Drinks must be sold for pickup only. The bill does not apply to delivery. More than 30 states have similar laws.

In West Bend, customers can already find some businesses that offer to-go cocktails.

“We’re already doing it,” said Jeremy Hahn, who owns The Garden Lounge, The Boardroom and The Inferno. “It was effective immediately once the governor signed it.”

Under Wisconsin Assembly Bill 32, businesses with a Class B license can sell liquor by the glass and not in the original package either for consumption on-premise or off-premise with a tamper-evident seal. The act also allows wineries to sell wine to go, also with a tamper-evident seal. It does not authorize the sale of fermented malt beverages or intoxicating liquor other than wine.
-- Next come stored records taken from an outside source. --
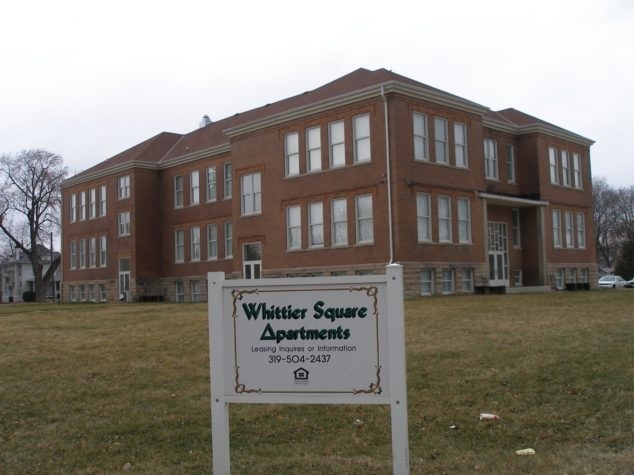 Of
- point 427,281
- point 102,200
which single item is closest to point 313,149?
point 427,281

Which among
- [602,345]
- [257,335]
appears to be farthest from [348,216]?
[257,335]

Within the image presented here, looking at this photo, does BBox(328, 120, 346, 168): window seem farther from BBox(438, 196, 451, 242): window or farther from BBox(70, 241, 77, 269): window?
BBox(70, 241, 77, 269): window

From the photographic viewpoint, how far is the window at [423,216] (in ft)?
102

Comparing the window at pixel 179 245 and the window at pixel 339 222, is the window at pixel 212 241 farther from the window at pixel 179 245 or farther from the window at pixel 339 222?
the window at pixel 339 222

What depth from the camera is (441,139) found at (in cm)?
3262

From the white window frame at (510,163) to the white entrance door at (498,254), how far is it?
2958 millimetres

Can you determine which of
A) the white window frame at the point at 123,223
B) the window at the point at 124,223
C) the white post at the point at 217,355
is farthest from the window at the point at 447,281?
the white post at the point at 217,355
Class B license holders are also able to sell liquor in its original package or container to go, which was allowed prior to the bill.

The Wisconsin Grocers Association and the Wisconsin Public Health Association were the only registered opponents to the measure. Supporters include groups representing the state’s tourism, hotel and lodging industries, bars and restaurants.

The city of Milwaukee wanted the bill to allow local governments to decide whether to permit to-go sales. But the bill permits the sales statewide, including after the pandemic is over. Democrats had tried in committee to amend the measure to have it end once the national state of emergency is lifted.

Madland said business declined up to 70% for some bars and restaurants during the pandemic. 'The drinks togo thing was actually the result of demand by customers,' he said. 'The public response to our closedown has really been tremendous, the support they’ve shown.'

Supporters have been pushing for the law for a year, saying it offers another way for bars and restaurants suffering from drops in attendance to get by during the pandemic.